*** SUPPLIED INFORMATION ***
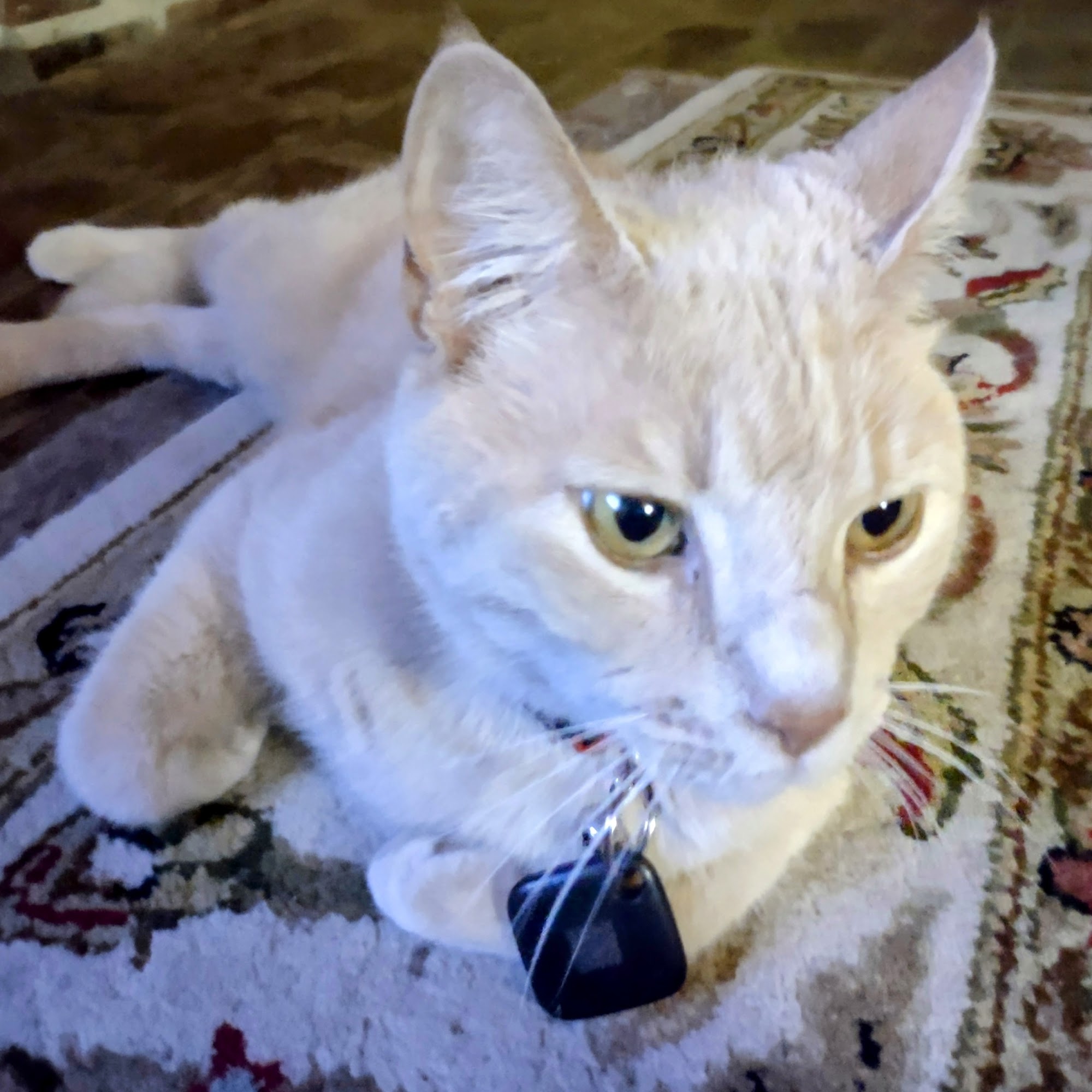 Armstrong Veterinary Hospital Baton Rouge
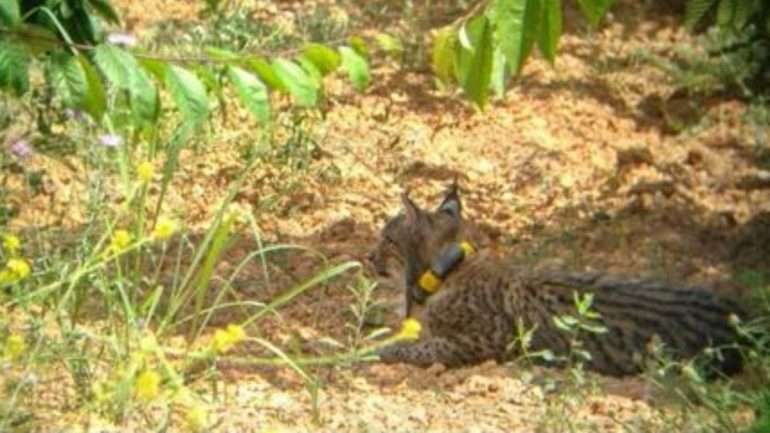 Fotografia retirada do Facebook da Agents Rurals de Catalunya, uma das entidades envolvidas na captura do lince-ibérico
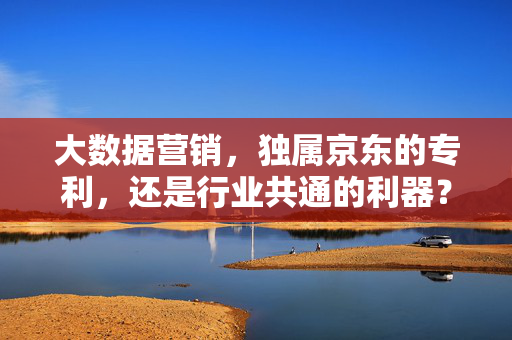 大数据营销，独属京东的专利，还是行业共通的利器？大数据营销，企业专利还是行业共器？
*** End of SUPPLIED INFORMATION ***
WORK ITEM | Copy all of the listing word for word, minus the images.

COMPLETED EXERCISE |
 Armstrong Veterinary Hospital Baton Rouge
 Fotografia retirada do Facebook da Agents Rurals de Catalunya, uma das entidades envolvidas na captura do lince-ibérico
 大数据营销，独属京东的专利，还是行业共通的利器？大数据营销，企业专利还是行业共器？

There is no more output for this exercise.